Alleen

31 oktober
Greg is weg en met hem de zomer. Er is een definitief einde gekomen aan alle zomers van 2018: de gewone, de nazomer, de indian summer en de zomers warme dagen. Het is herfst en met 5 graden eigenlijk meteen winter. Het water is nog goed te doen, maar het omkleden is ineens zo koud.
Verloren sta ik op een leeg strand te hannesen met een handdoek en mijn zwembroek. Zonder de beschutting van een strandtent hebben regen en wind vrij spel op mijn blote lijf. Onbewust draai ik weg van de wind en trek mijn rug krom om de druppels op te vangen. Zo meteen lig ik in het water, wat maakt het uit?
Maar het maakt wél uit. Dit is zo onaangenaam. Ik voel me klein en kwetsbaar. De rillingen rollen over mijn lijf en kippenvel knijpt mijn armen af. Vol zelfmedelijden maak ik een hoopje van de kleren en dek het af met de jas. Ver weg is nu de mentale kracht die ik straks wel heb als ik weer uit het water kom. Dan kan ik de wereld aan, maar nu niet. Helemaal niet zelfs. Een windvlaag neemt mijn hemd een paar meter mee over het zand.
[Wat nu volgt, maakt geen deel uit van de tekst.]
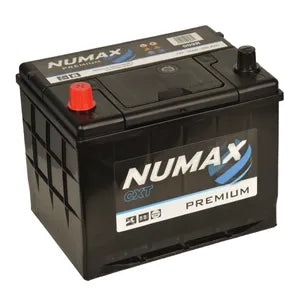 009R NUMAX CAR BATTERY 12V 55AH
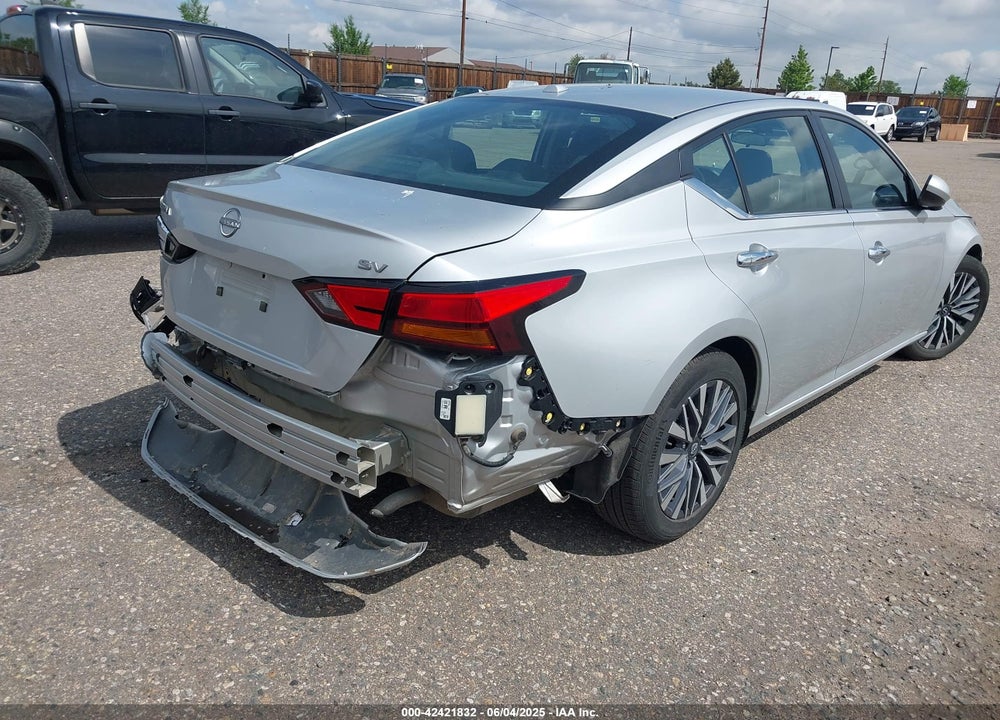 2023 NISSAN ALTIMA VIN: 1N4BL4DV0PN385186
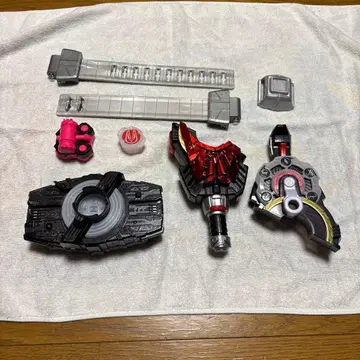 디자이어 드라이버 가면라이더 기츠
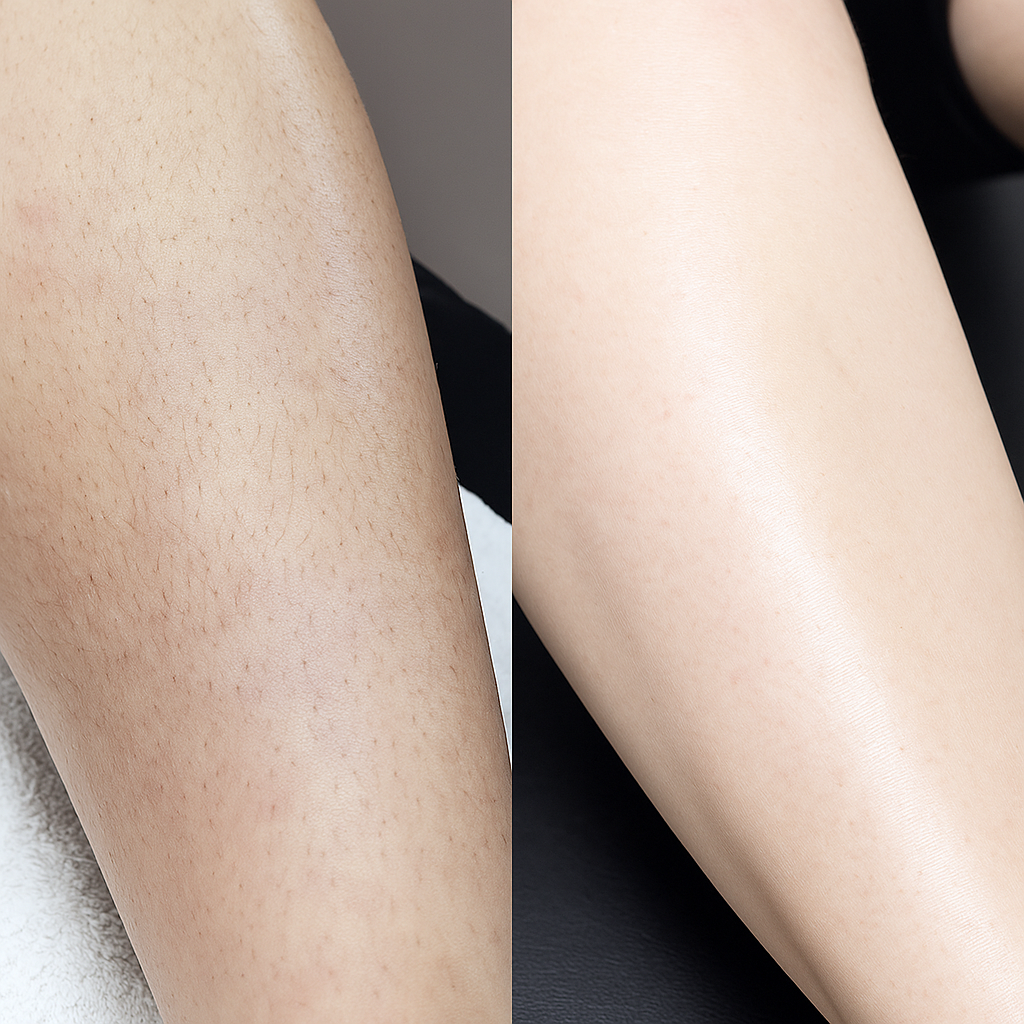 Laser Hair Removal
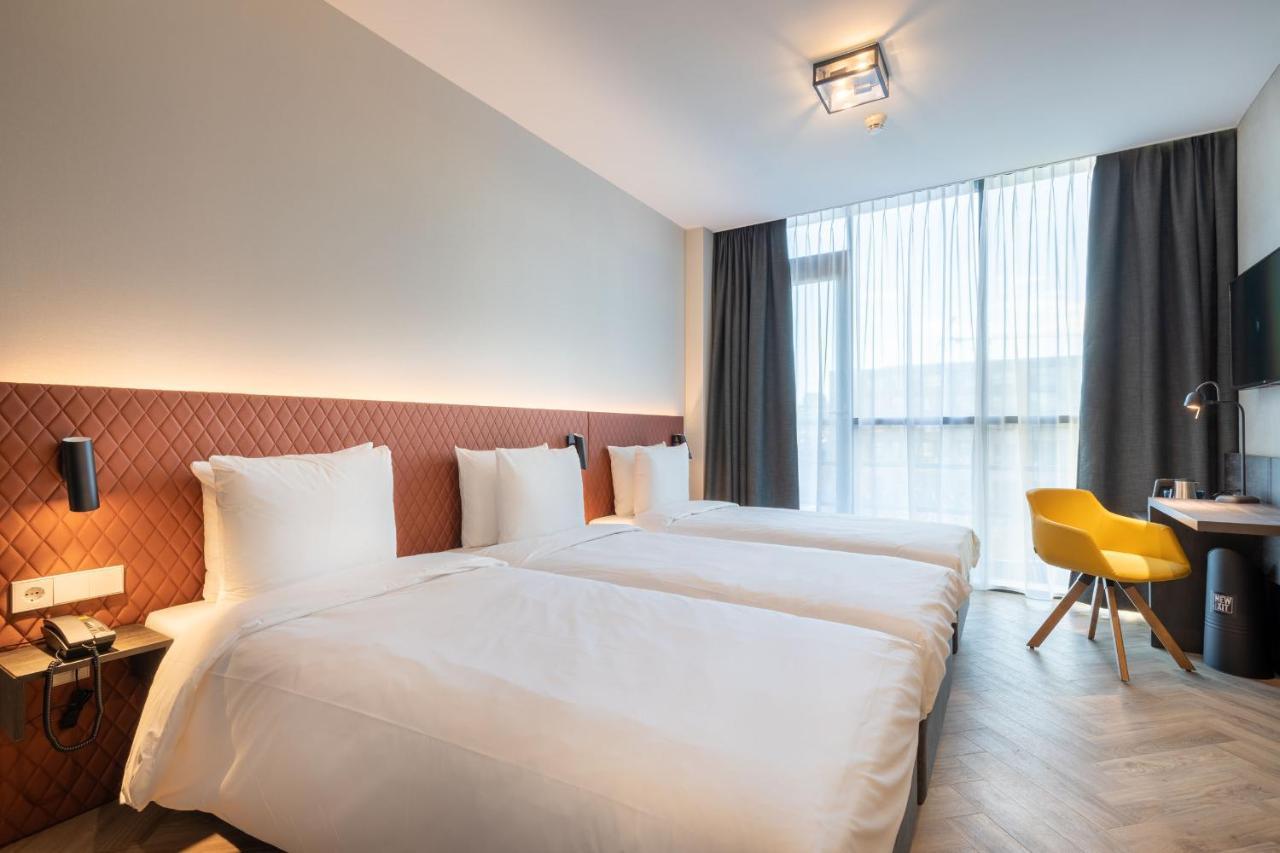 Hotel New Kit 阿姆斯特丹 外观 照片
Woedend ren ik er achteraan. Met een voet druk ik het hemd in het zand. Ik pak het op, het is nat en zanderig. Ik vind het oneerlijk.
Met de strandtenten zijn ook de toeschouwers verdwenen. Tot deze week ging er ook nog wel eens iemand mee de zee in – mijn zoon, mijn vrouw, een vriend – maar zij houden het met dit weer voor gezien. Ik sta er alleen voor.
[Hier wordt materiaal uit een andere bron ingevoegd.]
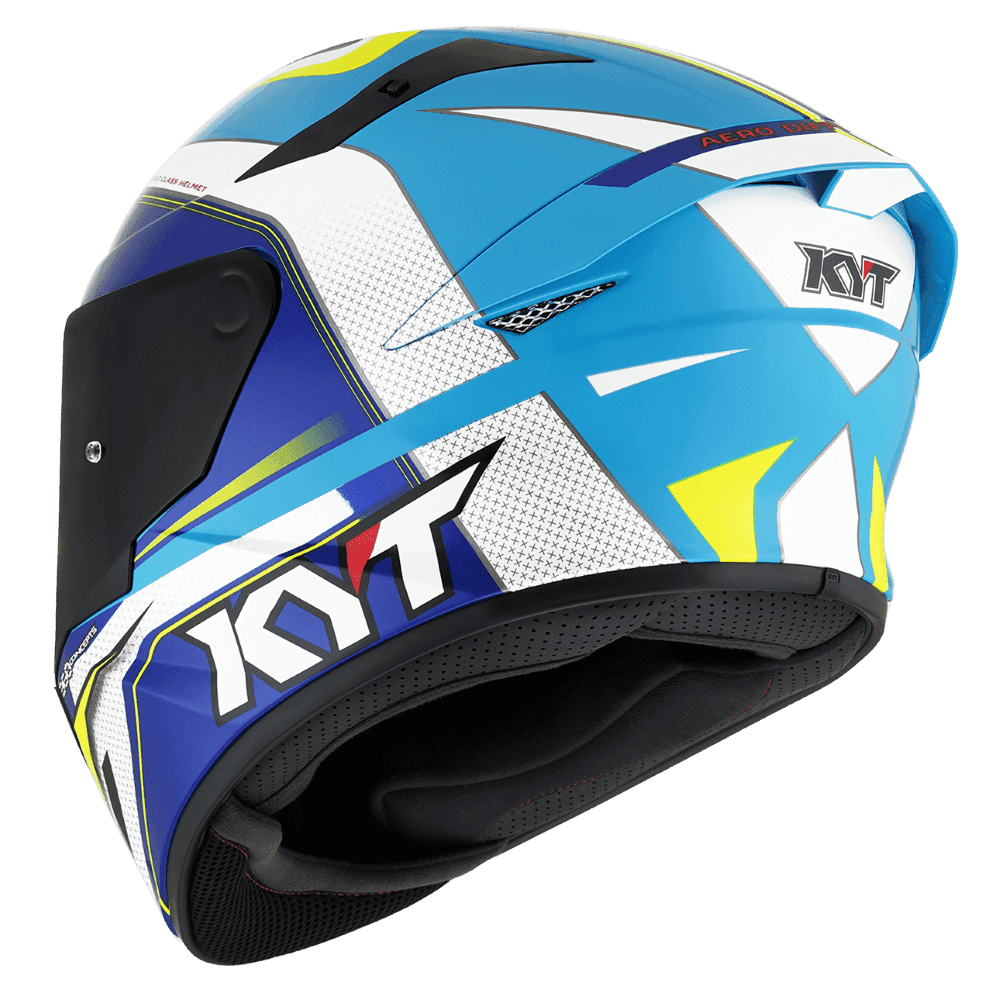 Tt-Course Grand Prix White/Light Blue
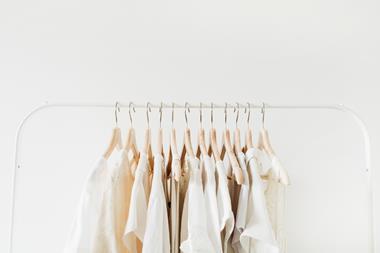 Minimalist wardrobe
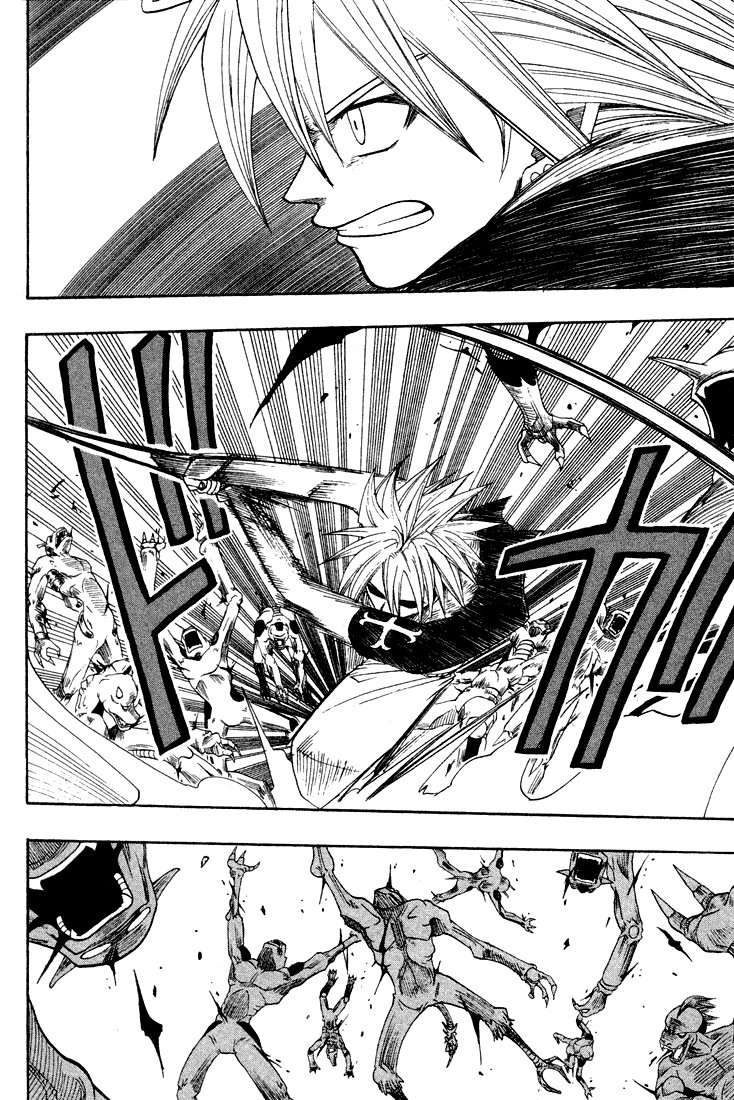 Read Rave Master (es) Manga Online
En juist vandaag kom ik een zeehond tegen. Het is de tweede keer dat ik een zeehond zie. Op een afstand van zo’n dertig meter steekt zijn gladde kop boven het water uit. Met zijn snuit omhoog heet hij mij welkom in het winterseizoen – althans, dat maak ik ervan. Ik ben nu negen maanden onderweg. Nog drie te gaan.